Pelalawan, KpOnline-
Warung kopi kecil di pinggir Jalan Lintas Timur sore itu tampak biasa saja, sebuah meja kayu usang, kursi plastik yang tak lagi simetris, dan suara kendaraan berat melintas seperti alunan yang sudah akrab bagi para buruh setempat. Tapi di balik setiap cangkir kopi hitam dan cemilan, tersimpan obrolan yang tak kalah penting.
Adi, salah satu buruh senior yang kini aktif sebagai kader serikat, duduk santai ditemani tiga kawannya: Surya, Wildan, dan Bowo, masing-masing mewakili generasi buruh yang berbeda. Obrolan santai dan canda tawa sampai ke topik serius tentang hak, kewajiban, dan tanggung jawab sebagai pekerja di negeri sendiri.
“Dulu mah, kerja buruh itu kayak ikut latihan bela diri, dilempar ke pabrik, disuruh kerja rodi, pulang bawa capek dan kadang cuma ucapan terima kasih yang nggak ngenyangin,” cerita Adi disambut tawa kawan-kawannya. Belum ada upah minimum yang pasti, lembur sering nggak dibayar, apabila ada buruh yang protes pasti perusagaan mengatakan kalau nggak suka, keluar aja.
Wildan yang merupakan aktivia muda, menanggapi, “sekarang setidaknya kita punya undang-undang. Kita bisa menuntut hak, punya BPJS, cuti tahunan, cuti melahirkan, bahkan ada aturan keselamatan kerja. Tapi ya itu, di lapangan banyak juga yang belum sesuai, terkadang manajemen pintar memutar balik fakta dan bermain-main dengan logika untuk mengelabui buruh yang minin pengetahuan akan haknya”.
“Gue sih mikir, kerja zaman sekarang itu kayak pacaran, ada komitmen, ada hak, tapi juga harus jaga tanggung jawab. Jangan sampai karena sibuk nuntut hak, lupa kalau kita juga wajib kerja bener dan jangan sampai kita saling sikut gara-gara beda bendera serikat pekerja”, ujar Bowo.
Adi mengangguk setuju, “tanggung jawab itu bukan cuma datang kerja tepat waktu, tapi juga solidaritas. Jangan sampai buruh disuruh lawan buruh. Kita ini satu nasib, satu perjuangan apalagi sekarang teknologi semakin maju, bisa jadi nanti pekerjaan kita digantikan robot, api nilai kebersamaan itu nggak bisa digantikan”.
Saat ditanya soal masa depan buruh, Adi menatap jauh ke jalan lintas yang mulai diselimuti gerimis. “Masa depan buruh itu tergantung dari kesadaran hari ini. Kalau kita terus belajar, bersatu, dan berani bersuara, buruh Indonesia akan kuat. Tapi kalau kita lengah, masa depan kita bukan diambil teknologi, tapi dirampas ketidakpedulian kita sendiri”.

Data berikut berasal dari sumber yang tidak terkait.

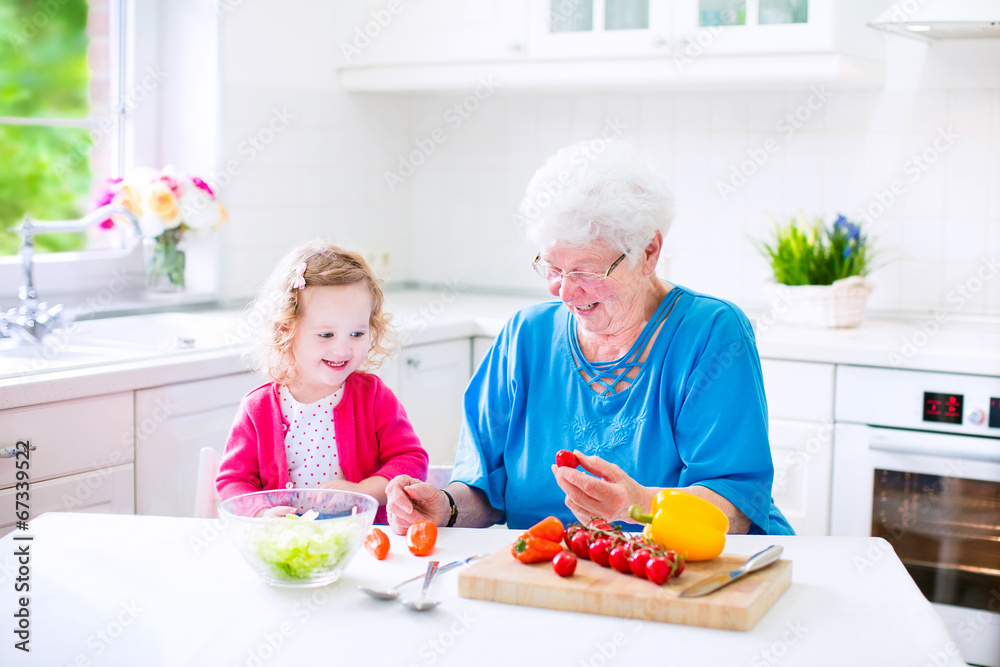 Adorable grandmother and little girl making salad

Obrolan ditutup seirama dengan kopi yang sudah hampir habis, tapi di balik canda mereka, tersimpan makna besar bahwa perjuangan buruh tidak pernah selesai. Dari zaman kerja tanpa perlindungan, hingga hari ini untuk mendapatkan haknya buruh masih harus diperjuangkan bersama, hingga generasi penerus,l.